WHAT YOU WILL DO = Below are entries. Reproduce exactly the lines between the line holding "1074 Prince Street, Home" and the line holding "Palácio Real em", inclusive, and only those.

(Dataset records)
+ + + +

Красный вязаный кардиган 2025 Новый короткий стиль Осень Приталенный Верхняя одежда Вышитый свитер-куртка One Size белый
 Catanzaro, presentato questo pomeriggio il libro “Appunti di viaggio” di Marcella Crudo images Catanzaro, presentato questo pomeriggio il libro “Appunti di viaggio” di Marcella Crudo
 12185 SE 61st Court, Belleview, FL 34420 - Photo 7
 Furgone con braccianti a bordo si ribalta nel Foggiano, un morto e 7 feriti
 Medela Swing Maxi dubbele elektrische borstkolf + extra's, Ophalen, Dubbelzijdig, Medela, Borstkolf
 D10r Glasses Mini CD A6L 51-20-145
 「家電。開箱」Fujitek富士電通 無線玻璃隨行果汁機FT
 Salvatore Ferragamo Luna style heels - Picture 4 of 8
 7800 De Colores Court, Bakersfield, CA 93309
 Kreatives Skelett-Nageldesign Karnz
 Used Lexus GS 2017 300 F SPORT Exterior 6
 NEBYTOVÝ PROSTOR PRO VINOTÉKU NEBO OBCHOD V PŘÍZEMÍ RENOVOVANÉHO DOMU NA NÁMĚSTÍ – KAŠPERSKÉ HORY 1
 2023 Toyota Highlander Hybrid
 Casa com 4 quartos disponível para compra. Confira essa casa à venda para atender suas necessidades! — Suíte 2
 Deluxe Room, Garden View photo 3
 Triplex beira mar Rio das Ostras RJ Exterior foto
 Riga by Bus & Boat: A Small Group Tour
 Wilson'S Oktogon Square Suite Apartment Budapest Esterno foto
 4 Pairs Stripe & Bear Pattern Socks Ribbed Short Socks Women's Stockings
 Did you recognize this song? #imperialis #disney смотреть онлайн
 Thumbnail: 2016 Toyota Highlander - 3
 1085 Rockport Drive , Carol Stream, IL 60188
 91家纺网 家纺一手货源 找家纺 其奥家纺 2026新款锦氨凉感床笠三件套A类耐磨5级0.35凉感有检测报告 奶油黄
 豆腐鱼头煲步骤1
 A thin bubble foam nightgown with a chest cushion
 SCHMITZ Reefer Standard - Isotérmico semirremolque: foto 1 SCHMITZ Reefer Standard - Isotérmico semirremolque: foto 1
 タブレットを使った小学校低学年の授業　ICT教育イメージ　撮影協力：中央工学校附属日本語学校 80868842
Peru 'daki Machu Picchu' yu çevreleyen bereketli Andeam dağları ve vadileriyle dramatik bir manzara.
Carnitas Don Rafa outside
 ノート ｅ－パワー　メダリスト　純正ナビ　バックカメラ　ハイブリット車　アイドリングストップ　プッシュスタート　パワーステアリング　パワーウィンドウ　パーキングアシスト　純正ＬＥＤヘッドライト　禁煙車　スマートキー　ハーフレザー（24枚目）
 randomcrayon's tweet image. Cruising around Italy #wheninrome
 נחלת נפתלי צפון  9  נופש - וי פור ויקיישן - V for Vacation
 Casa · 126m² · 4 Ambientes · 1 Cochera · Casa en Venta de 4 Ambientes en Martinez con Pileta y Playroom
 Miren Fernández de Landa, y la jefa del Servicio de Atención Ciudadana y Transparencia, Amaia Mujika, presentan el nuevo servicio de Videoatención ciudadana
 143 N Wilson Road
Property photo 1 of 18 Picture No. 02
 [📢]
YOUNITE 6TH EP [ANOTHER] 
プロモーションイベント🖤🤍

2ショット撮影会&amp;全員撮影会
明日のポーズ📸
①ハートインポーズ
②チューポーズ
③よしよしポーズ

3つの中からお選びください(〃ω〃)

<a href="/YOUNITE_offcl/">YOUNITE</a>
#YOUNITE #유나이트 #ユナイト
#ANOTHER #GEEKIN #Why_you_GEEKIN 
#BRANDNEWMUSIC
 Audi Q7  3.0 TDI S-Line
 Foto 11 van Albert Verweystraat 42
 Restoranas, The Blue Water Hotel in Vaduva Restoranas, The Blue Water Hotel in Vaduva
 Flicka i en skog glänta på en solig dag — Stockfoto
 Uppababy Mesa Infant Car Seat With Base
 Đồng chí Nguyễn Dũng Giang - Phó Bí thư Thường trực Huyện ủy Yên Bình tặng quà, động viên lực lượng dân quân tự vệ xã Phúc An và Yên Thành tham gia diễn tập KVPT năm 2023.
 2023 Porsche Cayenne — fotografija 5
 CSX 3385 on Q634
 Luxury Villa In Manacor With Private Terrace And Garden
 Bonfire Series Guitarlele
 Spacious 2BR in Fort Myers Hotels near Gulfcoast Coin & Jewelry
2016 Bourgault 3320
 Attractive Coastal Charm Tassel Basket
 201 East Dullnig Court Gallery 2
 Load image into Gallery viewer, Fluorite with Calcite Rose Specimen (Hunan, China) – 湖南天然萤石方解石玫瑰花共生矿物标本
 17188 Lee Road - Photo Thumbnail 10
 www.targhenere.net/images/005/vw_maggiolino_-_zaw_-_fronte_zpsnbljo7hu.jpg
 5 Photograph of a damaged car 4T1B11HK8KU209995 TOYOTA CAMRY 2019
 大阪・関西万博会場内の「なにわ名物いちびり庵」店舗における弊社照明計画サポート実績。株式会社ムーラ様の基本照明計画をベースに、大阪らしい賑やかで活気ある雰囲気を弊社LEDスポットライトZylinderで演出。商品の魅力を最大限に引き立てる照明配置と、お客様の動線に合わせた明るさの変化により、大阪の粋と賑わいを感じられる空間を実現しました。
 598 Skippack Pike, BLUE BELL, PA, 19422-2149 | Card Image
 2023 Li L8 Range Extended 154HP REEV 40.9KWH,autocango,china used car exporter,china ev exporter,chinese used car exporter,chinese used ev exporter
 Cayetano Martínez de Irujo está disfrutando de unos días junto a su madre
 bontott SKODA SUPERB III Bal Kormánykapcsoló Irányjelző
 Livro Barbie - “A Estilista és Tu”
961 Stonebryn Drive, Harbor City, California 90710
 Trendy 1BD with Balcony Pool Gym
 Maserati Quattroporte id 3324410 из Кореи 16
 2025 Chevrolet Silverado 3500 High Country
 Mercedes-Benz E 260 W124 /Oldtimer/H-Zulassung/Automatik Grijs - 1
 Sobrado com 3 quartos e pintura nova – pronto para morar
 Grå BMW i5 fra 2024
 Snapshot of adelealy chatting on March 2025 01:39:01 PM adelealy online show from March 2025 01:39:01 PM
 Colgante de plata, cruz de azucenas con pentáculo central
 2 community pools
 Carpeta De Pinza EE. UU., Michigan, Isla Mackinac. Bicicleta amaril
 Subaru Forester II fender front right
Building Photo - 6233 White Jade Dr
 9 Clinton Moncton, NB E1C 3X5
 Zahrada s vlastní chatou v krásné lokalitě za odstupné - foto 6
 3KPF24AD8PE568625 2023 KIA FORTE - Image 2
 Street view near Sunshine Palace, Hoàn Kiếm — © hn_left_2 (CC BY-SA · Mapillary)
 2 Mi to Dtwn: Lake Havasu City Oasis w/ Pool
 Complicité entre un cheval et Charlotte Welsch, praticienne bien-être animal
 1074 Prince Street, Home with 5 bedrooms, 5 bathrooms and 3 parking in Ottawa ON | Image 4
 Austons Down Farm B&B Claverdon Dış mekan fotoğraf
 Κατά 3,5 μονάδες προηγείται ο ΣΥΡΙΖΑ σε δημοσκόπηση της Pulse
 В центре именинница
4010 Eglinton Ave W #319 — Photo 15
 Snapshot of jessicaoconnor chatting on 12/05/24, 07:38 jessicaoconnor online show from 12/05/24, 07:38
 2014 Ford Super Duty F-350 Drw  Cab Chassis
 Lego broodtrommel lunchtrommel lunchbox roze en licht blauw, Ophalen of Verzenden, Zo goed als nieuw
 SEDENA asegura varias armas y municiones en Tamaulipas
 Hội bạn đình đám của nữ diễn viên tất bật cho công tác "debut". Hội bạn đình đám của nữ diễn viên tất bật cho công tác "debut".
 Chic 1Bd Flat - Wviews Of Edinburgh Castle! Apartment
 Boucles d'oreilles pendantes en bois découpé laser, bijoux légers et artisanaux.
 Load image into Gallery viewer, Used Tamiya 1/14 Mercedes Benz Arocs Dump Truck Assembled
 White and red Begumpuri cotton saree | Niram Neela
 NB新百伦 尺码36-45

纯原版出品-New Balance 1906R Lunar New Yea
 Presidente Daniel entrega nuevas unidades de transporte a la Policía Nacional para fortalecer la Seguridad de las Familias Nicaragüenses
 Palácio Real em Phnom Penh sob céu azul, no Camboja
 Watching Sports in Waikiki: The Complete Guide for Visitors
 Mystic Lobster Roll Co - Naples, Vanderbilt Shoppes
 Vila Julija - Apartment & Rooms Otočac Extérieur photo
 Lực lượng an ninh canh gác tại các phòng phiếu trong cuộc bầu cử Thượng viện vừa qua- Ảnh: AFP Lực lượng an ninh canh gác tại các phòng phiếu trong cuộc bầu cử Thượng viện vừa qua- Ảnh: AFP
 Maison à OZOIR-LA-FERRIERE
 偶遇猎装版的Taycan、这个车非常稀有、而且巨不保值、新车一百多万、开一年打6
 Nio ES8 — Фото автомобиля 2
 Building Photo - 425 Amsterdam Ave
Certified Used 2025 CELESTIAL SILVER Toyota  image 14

+ + + +

SOLUTION =
 1074 Prince Street, Home with 5 bedrooms, 5 bathrooms and 3 parking in Ottawa ON | Image 4
 Austons Down Farm B&B Claverdon Dış mekan fotoğraf
 Κατά 3,5 μονάδες προηγείται ο ΣΥΡΙΖΑ σε δημοσκόπηση της Pulse
 В центре именинница
4010 Eglinton Ave W #319 — Photo 15
 Snapshot of jessicaoconnor chatting on 12/05/24, 07:38 jessicaoconnor online show from 12/05/24, 07:38
 2014 Ford Super Duty F-350 Drw  Cab Chassis
 Lego broodtrommel lunchtrommel lunchbox roze en licht blauw, Ophalen of Verzenden, Zo goed als nieuw
 SEDENA asegura varias armas y municiones en Tamaulipas
 Hội bạn đình đám của nữ diễn viên tất bật cho công tác "debut". Hội bạn đình đám của nữ diễn viên tất bật cho công tác "debut".
 Chic 1Bd Flat - Wviews Of Edinburgh Castle! Apartment
 Boucles d'oreilles pendantes en bois découpé laser, bijoux légers et artisanaux.
 Load image into Gallery viewer, Used Tamiya 1/14 Mercedes Benz Arocs Dump Truck Assembled
 White and red Begumpuri cotton saree | Niram Neela
 NB新百伦 尺码36-45

纯原版出品-New Balance 1906R Lunar New Yea
 Presidente Daniel entrega nuevas unidades de transporte a la Policía Nacional para fortalecer la Seguridad de las Familias Nicaragüenses
 Palácio Real em Phnom Penh sob céu azul, no Camboja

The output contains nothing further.